No me atrevo a vaticinar el resultado de la elección, pero sí advierto un fenómeno que ha probado ser cíclico y recurrente a lo largo de la historia. Lo llamo periodo de transición y generalmente ocurre cuando después de la tormenta se precisa sanar las heridas y olvidar las divisiones.

Ahí, transcurrido un cisma, afloran mujeres y hombres que quizá no cuenten con atisbos de grandeza ni aparentes cualidades de liderazgo, pero que resultan fundamentales para transitar de un periodo a otro sin mayores sobresaltos. Si caben las comparaciones, Estados Unidos ya ha vivido un deterioro institucional y una crisis de confianza sin precedentes.

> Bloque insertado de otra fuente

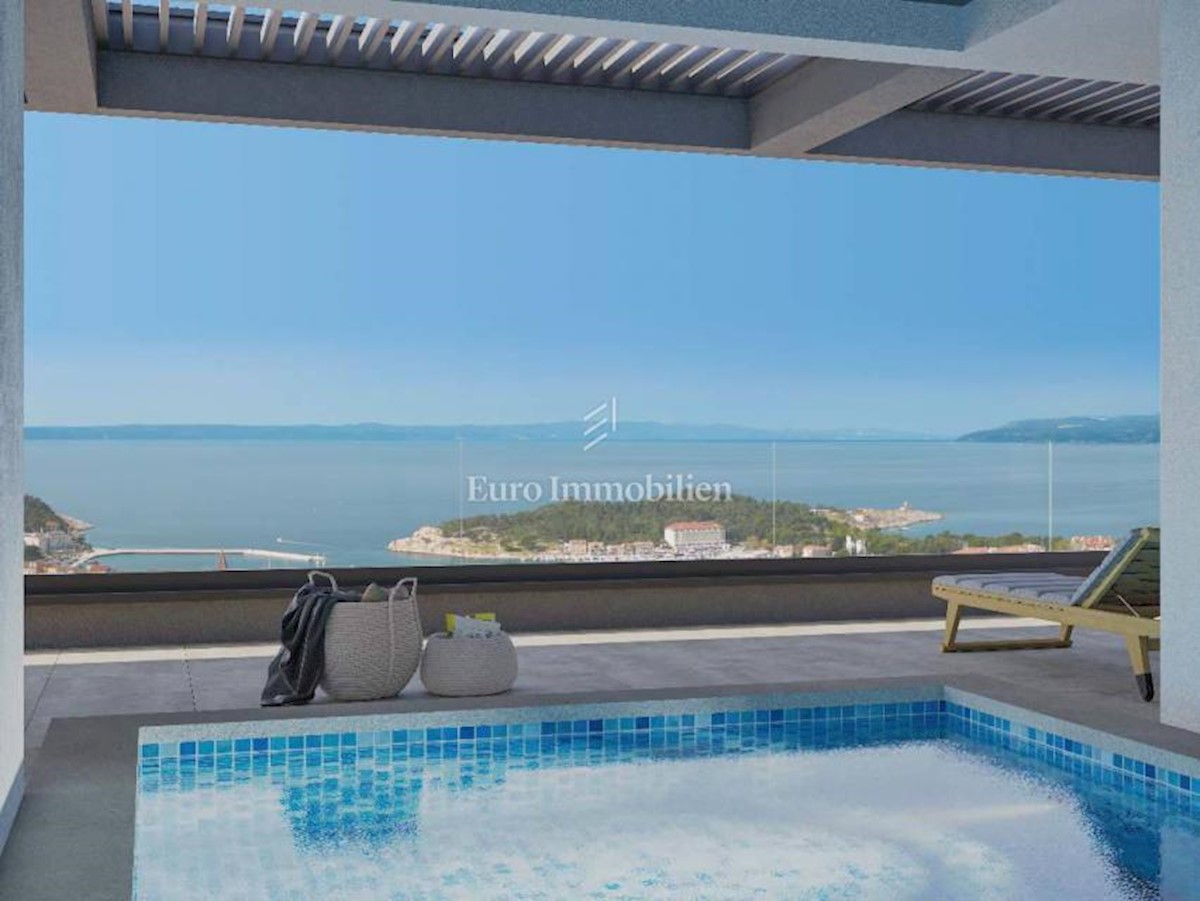 Flat sale MAKARSKA, SPLITSKODALMATINSKA EURO IMMOBILIEN Rijeka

Después del absurdo que implicó Vietnam y tras la trama de Watergate y la posterior renuncia de Richard Nixon, Estados Unidos tuvo que echar mano de un personaje de transición.

Eso fue, en todos sentidos, Gerald Ford, un hombre que desesperado y urgido por dar carpetazo a uno de los periodos más oscuros de la historia reciente, declaró en televisión nacional que “la gran y larga pesadilla nacional había terminado”, después de otorgarle el indulto presidencial a un Nixon que de no haber sido por el patriotismo y capacidad pragmática de Ford, seguramente habría acabado en la cárcel.

Joe Biden no es ningún rockstar ni genera la adrenalina y sueños de Obama, pero cada vez más personas lo ven como el hombre de transición que necesita Estados Unidos para así dar carpetazo a años de descomposición institucional sin precedentes, comparable a lo ocurrido hace casi cincuenta años.